The language in the statute implies that insurers can bypass the matching requirement by writing alternative language in their policies. Olympus tried to accomplish exactly that in 2021 when it filed a policy form to limit the amount spent on matching materials, but OIR refused to approve the form.
Olympus withdrew the lawsuit in early 2022 and made no public comment about it. OIR, however, on April 1, 2022, approved a policy form submitted by Olympus that includes the wording “matching limitations” in the search function for OIR’s database. The form is marked as a “trade secret” and is not available for public viewing.
Other insurers used a different tactic to limit payments for matching repairs in form filings that were approved in 2022. Citizens, for example, requires policyholders to pay out of their own pockets for matching repairs and then file a claim seeking reimbursement.
GenRe first noted the new limits in a blog post last week. Claims executives Jonathan Nieman and Nick Ciabattoni noted that the Florida Third District Court of Appeal ruled in 2019 that matching repairs are not direct physical loss and are only required to be reimbursed by a carrier once the work is performed.
Nieman and Ciabattoni said Citizens’ filed its form restricting payments for matching expenses after the court ruled.
“With the broader introduction of the endorsements into Florida homeowners policies, litigation and new damage theories are likely,” the blog post states. “In the interim, we suggest that if a matching endorsement is being added to your policy packets, best practices and estimating guidelines should be reviewed and updated to comply with these newly established policy terms and conditions.”

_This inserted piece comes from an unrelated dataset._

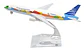 Avión Colección Metálico Escala 1:400-16cm - Miniatura 42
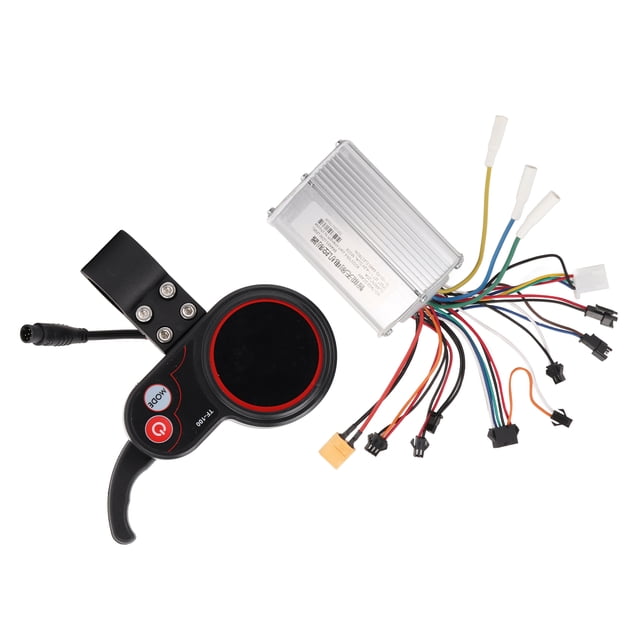 Kit De Controlador De Scooter Eléctrico, Controlador De Scooter Eléctrico Y Control De Cambio De Dirección De Pantalla Circuito Interno De Protección De Disipación De Calor ANGGREK Otros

The Florida Legislature in 2022 made it easier for insurers to repair roof sections, rather than replace entire roofs. Senate Bill 4D, approved in a special session, modified the state’s building code, which had long required full replacement if just 25 percent of a roof area was damaged.
In Kentucky last week, the state Department of Insurance posted an advisory opinion, attempting to clarify the intent of the state’s matching statute. On the one hand, Kentucky law does not permit a “line of sight” rule for roofs: “If the shingles on one slant of a residential roof must be replaced due to damage covered by an applicable property insurance policy, and absent the availability of matching shingles that would render the slant in question reasonably uniform to the remainder of the roof, then an entirely new roof must be installed,” state Insurance Commissioner Sharon Clark wrote in her Oct. 17 bulletin.
On the other hand, though, as long as replacement shingles are of the same make and model, even if the color won’t quite match the older shingles due to age and fading, a full roof replacement is not necessary, Clark noted.
“In situations where the existing roof shingles are still in production and available, use of the same shingles will satisfy the regulation, despite any discoloration due to regular aging or wear from use,” the opinion reads.
It gives insurers a little more wiggle room: “If the same shingles are not available, the Department would review the quality, color, and size of replacement shingles to determine whether a reasonable match has been met.”
But the commissioner noted that any insurers not following the procedures or using incorrect forms should amend their filings by September 2024. These include insurers who utilize endorsements that place sublimits on matching undamaged areas of a home.
The opinion was issued after Kentucky saw a large number of roof claims and complaints in the last two years, but it may not resolve matters and has met with criticism from some insurers.
“Our members do have some concerns about the advisory opinion concerning matching, and we believe that it has the potential to increase claims costs, not reduce them,” said Mark Treesh, director of the Insurance Institute of Kentucky. The institute will continue working with the DOI to develop a workable solution.